State reduces grants for child services
Less funding for families in need
September 24, 2009
OSSIPEE — Needy children will likely receive less assistance from the Ossipee Children's Fund and other organizations for the next two years due to a reduction in state grant funding. Donations and other grants will be needed to fill the funding gaps, say child advocates impacted by the reduction.
This fiscal year, (July 1 to June 30, 2010), the state Legislature reduced funding to its incentive grant program by 36.5 percent compared to last year.
"That was not something we came up with," said John Harrington of the Department of Health and Human Services. "That was the direction from the state Legislature."
The Department of Health and Human Service's Division for Children, Youth and Families is responsible for distributing the grant funding this year.
Incentive grants are meant to encourage cities, towns, and counties to provide positive activities and after-school programs for children that provide an alternative to out-of-home placement, said Harrington.
In total, the state is budgeting $2.34 million in incentive grants for this year and next year. The state operates on a biennial budget, said Harrington.
The Legislature directed (DCYF) to only fund programs that received grants last year. The amount to each organization was pro-rated. The grant money would likely be mailed in mid to late October pending approval at the governor and council meeting scheduled for Oct. 7.

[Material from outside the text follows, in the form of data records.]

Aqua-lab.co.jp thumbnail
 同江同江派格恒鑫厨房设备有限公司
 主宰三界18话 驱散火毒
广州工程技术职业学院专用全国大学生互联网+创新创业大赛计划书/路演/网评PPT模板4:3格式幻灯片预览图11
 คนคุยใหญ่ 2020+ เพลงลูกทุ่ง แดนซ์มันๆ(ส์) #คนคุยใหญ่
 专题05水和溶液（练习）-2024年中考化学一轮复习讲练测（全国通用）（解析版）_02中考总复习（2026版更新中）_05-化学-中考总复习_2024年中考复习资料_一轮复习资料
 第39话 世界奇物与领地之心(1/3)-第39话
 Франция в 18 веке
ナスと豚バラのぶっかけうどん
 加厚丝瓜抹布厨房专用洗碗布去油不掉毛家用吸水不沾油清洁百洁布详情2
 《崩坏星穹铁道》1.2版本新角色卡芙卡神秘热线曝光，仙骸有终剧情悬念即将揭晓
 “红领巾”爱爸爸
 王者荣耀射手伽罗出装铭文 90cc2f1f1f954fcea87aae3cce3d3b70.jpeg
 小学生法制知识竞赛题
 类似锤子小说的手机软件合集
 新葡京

For the last few years, the Ossipee Children's Fund has received $20,000 in incentive grants to fund childcare, enrichment, recreation, and educational programming. This year, the Children's Fund is receiving $12,376, said Ossipee Children's Fund Treasurer Cecily Clark.
"We're still providing service to all that apply, but just a smaller amount," said Clark. "That makes us very unhappy. We'd like to do more."
The Ossipee Children's Fund covers Ossipee, Effingham, Freedom, and Madison. Money from the Ossipee Children's Fund helps needy families afford activities for their children such as camp, karate lessons, and dance class.
Last year the Ossipee Children's Fund made 282 awards totaling about $87,500, said President Jayne Jarvis.
"Nonprofits are having a difficult time," said Jarvis. "The loss of incentive funds makes a big difference in the number of children we can help and the level of service we can provide."
School's Out!, an after school program for Ossipee children, is receiving about $8,200 or $4,700 less than last year, said Director Jennifer Berkowitz. Last year, the program received $13,000. She had applied for the same amount this year.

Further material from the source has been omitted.